## THE TASK
All of the records must be restated exactly, with every line complete.

## AVAILABLE DATA

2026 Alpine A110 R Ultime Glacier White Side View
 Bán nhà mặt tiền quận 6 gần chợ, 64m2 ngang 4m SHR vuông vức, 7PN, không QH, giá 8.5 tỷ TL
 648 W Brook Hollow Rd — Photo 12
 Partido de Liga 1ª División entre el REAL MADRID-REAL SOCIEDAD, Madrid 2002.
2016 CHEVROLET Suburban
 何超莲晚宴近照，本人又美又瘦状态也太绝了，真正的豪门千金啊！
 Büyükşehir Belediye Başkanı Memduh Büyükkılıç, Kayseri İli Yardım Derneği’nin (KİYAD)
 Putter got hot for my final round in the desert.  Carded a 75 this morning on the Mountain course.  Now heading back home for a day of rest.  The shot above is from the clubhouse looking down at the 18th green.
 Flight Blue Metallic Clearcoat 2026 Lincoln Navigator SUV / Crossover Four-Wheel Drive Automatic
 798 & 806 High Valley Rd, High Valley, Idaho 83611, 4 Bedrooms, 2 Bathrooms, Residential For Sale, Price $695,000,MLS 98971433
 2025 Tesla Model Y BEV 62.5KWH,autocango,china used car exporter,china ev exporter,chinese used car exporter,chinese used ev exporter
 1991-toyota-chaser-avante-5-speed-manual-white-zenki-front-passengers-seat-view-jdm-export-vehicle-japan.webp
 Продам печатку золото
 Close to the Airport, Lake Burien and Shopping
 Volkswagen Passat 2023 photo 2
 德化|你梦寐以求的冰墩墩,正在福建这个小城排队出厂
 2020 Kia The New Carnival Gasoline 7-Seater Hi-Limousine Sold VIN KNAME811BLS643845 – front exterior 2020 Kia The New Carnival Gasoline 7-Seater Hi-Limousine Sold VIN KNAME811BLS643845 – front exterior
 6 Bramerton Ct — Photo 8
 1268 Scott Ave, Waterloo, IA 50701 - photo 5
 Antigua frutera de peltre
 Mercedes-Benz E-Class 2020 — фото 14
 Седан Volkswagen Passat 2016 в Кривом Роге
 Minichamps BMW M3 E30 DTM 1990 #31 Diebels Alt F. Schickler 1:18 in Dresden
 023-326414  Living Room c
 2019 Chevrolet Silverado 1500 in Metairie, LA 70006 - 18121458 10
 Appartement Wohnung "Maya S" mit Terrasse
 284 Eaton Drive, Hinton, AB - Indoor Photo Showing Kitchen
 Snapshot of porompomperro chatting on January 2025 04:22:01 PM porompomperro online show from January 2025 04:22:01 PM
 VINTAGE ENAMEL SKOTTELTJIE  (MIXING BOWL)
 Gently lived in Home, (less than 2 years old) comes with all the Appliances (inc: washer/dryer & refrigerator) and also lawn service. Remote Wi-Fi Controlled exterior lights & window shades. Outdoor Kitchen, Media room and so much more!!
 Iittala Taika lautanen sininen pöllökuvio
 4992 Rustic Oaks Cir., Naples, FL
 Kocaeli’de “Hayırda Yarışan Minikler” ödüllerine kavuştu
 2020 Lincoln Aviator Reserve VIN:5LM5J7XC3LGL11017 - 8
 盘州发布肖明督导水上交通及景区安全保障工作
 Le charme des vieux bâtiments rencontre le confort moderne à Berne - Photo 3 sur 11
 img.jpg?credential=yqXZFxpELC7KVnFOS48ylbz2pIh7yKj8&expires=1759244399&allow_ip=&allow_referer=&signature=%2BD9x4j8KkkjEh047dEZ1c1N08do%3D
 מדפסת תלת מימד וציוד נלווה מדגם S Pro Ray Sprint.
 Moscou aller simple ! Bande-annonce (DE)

## ANSWER
2026 Alpine A110 R Ultime Glacier White Side View
 Bán nhà mặt tiền quận 6 gần chợ, 64m2 ngang 4m SHR vuông vức, 7PN, không QH, giá 8.5 tỷ TL
 648 W Brook Hollow Rd — Photo 12
 Partido de Liga 1ª División entre el REAL MADRID-REAL SOCIEDAD, Madrid 2002.
2016 CHEVROLET Suburban
 何超莲晚宴近照，本人又美又瘦状态也太绝了，真正的豪门千金啊！
 Büyükşehir Belediye Başkanı Memduh Büyükkılıç, Kayseri İli Yardım Derneği’nin (KİYAD)
 Putter got hot for my final round in the desert.  Carded a 75 this morning on the Mountain course.  Now heading back home for a day of rest.  The shot above is from the clubhouse looking down at the 18th green.
 Flight Blue Metallic Clearcoat 2026 Lincoln Navigator SUV / Crossover Four-Wheel Drive Automatic
 798 & 806 High Valley Rd, High Valley, Idaho 83611, 4 Bedrooms, 2 Bathrooms, Residential For Sale, Price $695,000,MLS 98971433
 2025 Tesla Model Y BEV 62.5KWH,autocango,china used car exporter,china ev exporter,chinese used car exporter,chinese used ev exporter
 1991-toyota-chaser-avante-5-speed-manual-white-zenki-front-passengers-seat-view-jdm-export-vehicle-japan.webp
 Продам печатку золото
 Close to the Airport, Lake Burien and Shopping
 Volkswagen Passat 2023 photo 2
 德化|你梦寐以求的冰墩墩,正在福建这个小城排队出厂
 2020 Kia The New Carnival Gasoline 7-Seater Hi-Limousine Sold VIN KNAME811BLS643845 – front exterior 2020 Kia The New Carnival Gasoline 7-Seater Hi-Limousine Sold VIN KNAME811BLS643845 – front exterior
 6 Bramerton Ct — Photo 8
 1268 Scott Ave, Waterloo, IA 50701 - photo 5
 Antigua frutera de peltre
 Mercedes-Benz E-Class 2020 — фото 14
 Седан Volkswagen Passat 2016 в Кривом Роге
 Minichamps BMW M3 E30 DTM 1990 #31 Diebels Alt F. Schickler 1:18 in Dresden
 023-326414  Living Room c
 2019 Chevrolet Silverado 1500 in Metairie, LA 70006 - 18121458 10
 Appartement Wohnung "Maya S" mit Terrasse
 284 Eaton Drive, Hinton, AB - Indoor Photo Showing Kitchen
 Snapshot of porompomperro chatting on January 2025 04:22:01 PM porompomperro online show from January 2025 04:22:01 PM
 VINTAGE ENAMEL SKOTTELTJIE  (MIXING BOWL)
 Gently lived in Home, (less than 2 years old) comes with all the Appliances (inc: washer/dryer & refrigerator) and also lawn service. Remote Wi-Fi Controlled exterior lights & window shades. Outdoor Kitchen, Media room and so much more!!
 Iittala Taika lautanen sininen pöllökuvio
 4992 Rustic Oaks Cir., Naples, FL
 Kocaeli’de “Hayırda Yarışan Minikler” ödüllerine kavuştu
 2020 Lincoln Aviator Reserve VIN:5LM5J7XC3LGL11017 - 8
 盘州发布肖明督导水上交通及景区安全保障工作
 Le charme des vieux bâtiments rencontre le confort moderne à Berne - Photo 3 sur 11
 img.jpg?credential=yqXZFxpELC7KVnFOS48ylbz2pIh7yKj8&expires=1759244399&allow_ip=&allow_referer=&signature=%2BD9x4j8KkkjEh047dEZ1c1N08do%3D
 מדפסת תלת מימד וציוד נלווה מדגם S Pro Ray Sprint.
 Moscou aller simple ! Bande-annonce (DE)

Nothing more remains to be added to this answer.